[Scraped caption text data]
++++++++
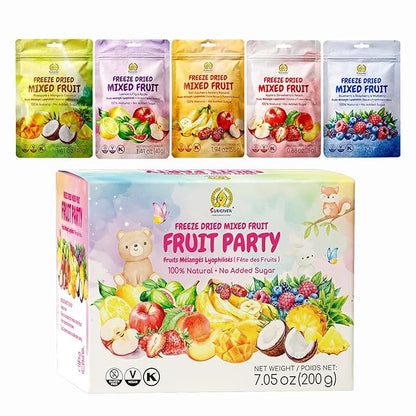 SUNGIVEN Freeze Dried Fruit Party with 10+ Fruits, Mixed Fruits Variety Pack of 5 Bag, 7.06 oz, Health Snack, Fruit Crisps, Freeze Dried Apple Strawberry Berries Lemon Coconut Fig Mango Pineapple, No Sugar Added, Made with 100% Fruit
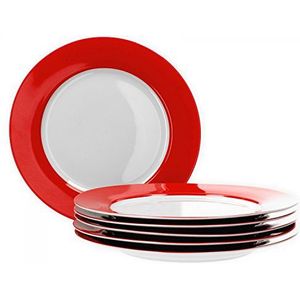 Van Well Vario Eetbordenset, 6-delig, tafelservies voor 6 personen, platte eetborden met Ø 26,5 cm, porseleinen servies wit met rand in rood, bordenset, magnetronbestendig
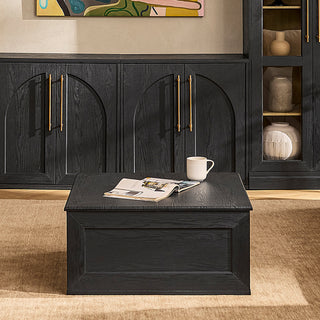 Blake Lift Top Coffee Table with Storage, Black Oak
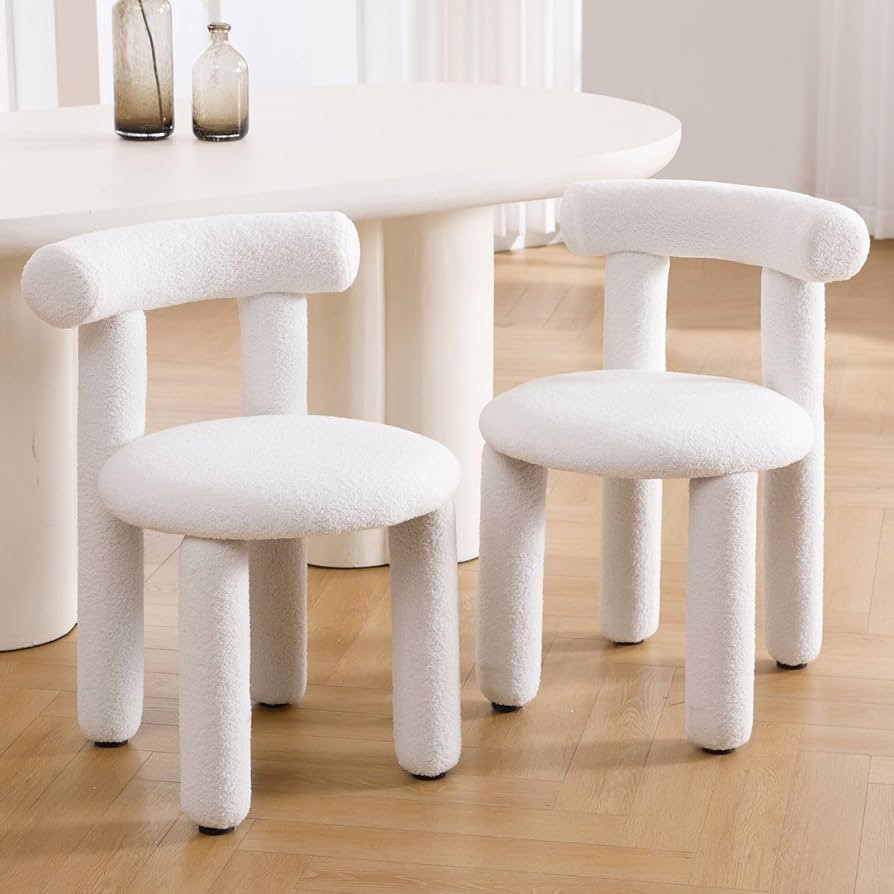 White Boucle Dining Chairs Set of 2 Armless Sherpa Kitchen Chairs Small Modern Barrel Dining Room... | Amazon (US)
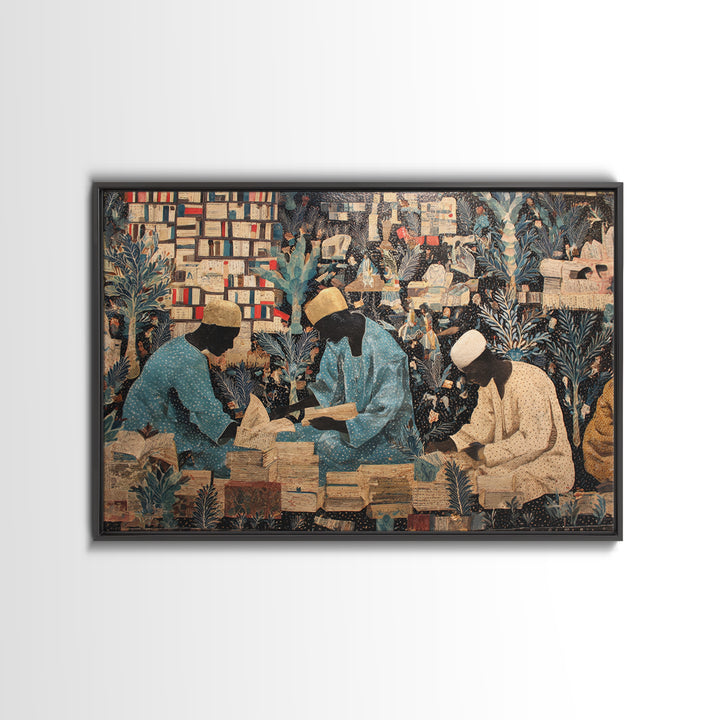 African Scholars Library Wall Art, Black Culture Art Print, Afrocentric Collage Poster, Intellectual Home Decor Gift Idea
++++++++
▶ **WHAT YOU WILL DO**
Retype the data above exactly. Leave the pictures out.

▶ **SOLUTION TO THIS TASK**
 SUNGIVEN Freeze Dried Fruit Party with 10+ Fruits, Mixed Fruits Variety Pack of 5 Bag, 7.06 oz, Health Snack, Fruit Crisps, Freeze Dried Apple Strawberry Berries Lemon Coconut Fig Mango Pineapple, No Sugar Added, Made with 100% Fruit
 Van Well Vario Eetbordenset, 6-delig, tafelservies voor 6 personen, platte eetborden met Ø 26,5 cm, porseleinen servies wit met rand in rood, bordenset, magnetronbestendig
 Blake Lift Top Coffee Table with Storage, Black Oak
 White Boucle Dining Chairs Set of 2 Armless Sherpa Kitchen Chairs Small Modern Barrel Dining Room... | Amazon (US)
 African Scholars Library Wall Art, Black Culture Art Print, Afrocentric Collage Poster, Intellectual Home Decor Gift Idea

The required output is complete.